Sem ficar atrás, Joaquim Pedro de Andrade trazia uma interpretação colorida e histriônica do Brasil, no vibrante “Macunaíma”, baseado em livro de Mário de Andrade, enquanto o cineasta Julio Bressane chocava a plateia com o violento “O Anjo Nasceu”. O vencedor daquele ano histórico seria David Neves, com o poético “Memória de Helena”, mas quem roubaria a cena, literalmente, seria o jovem diretor baiano André Luiz Oliveira, então com 21 anos (foto), apresentando o anárquico “Meteorango Kid – Um Herói Intergalático”.
“Em Brasília o filme aconteceu.
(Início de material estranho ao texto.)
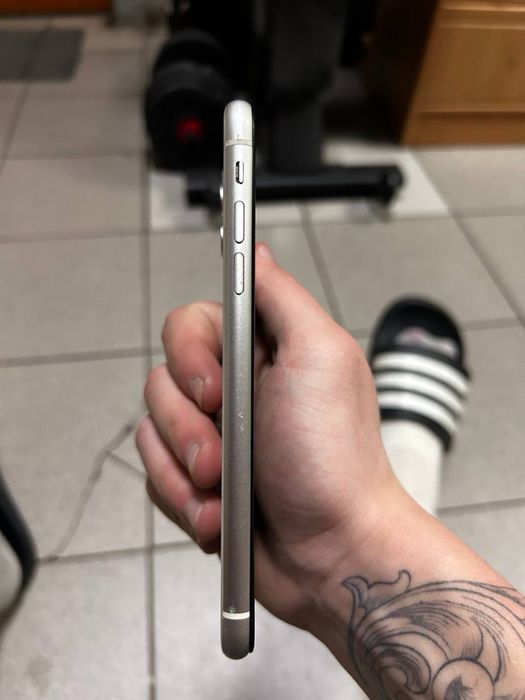 Айфон 11 продам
Quem venceu oficialmente o festival foi o Davi Neves, com ‘Memória de Helena’, mas ‘Meteorango’, que ganhou prêmios especiais, saiu vencedor pelo impacto que causou”, lembra André, 50 anos depois. “Lembro-me das muitas manifestações mais que calorosas ao filme, além da beleza contagiante de Leila Diniz e o semblante decepcionado de Joaquim Pedro que não levou o merecido prêmio de Melhor Filme”, conta.
Com a sanha da repressão bafejando, sobretudo no pescoço da classe artística, amparada pelo ignaro decreto do Ato Institucional n.º 5, publicado em dezembro de 1968, endurecendo ainda mais o regime contra a liberdade de expressão, “Meteorango Kid”, claro, teve problemas com a censura. Moderno e ousado, o filme era uma afronta à hipocrisia da sociedade conservadora e ao clima político da época.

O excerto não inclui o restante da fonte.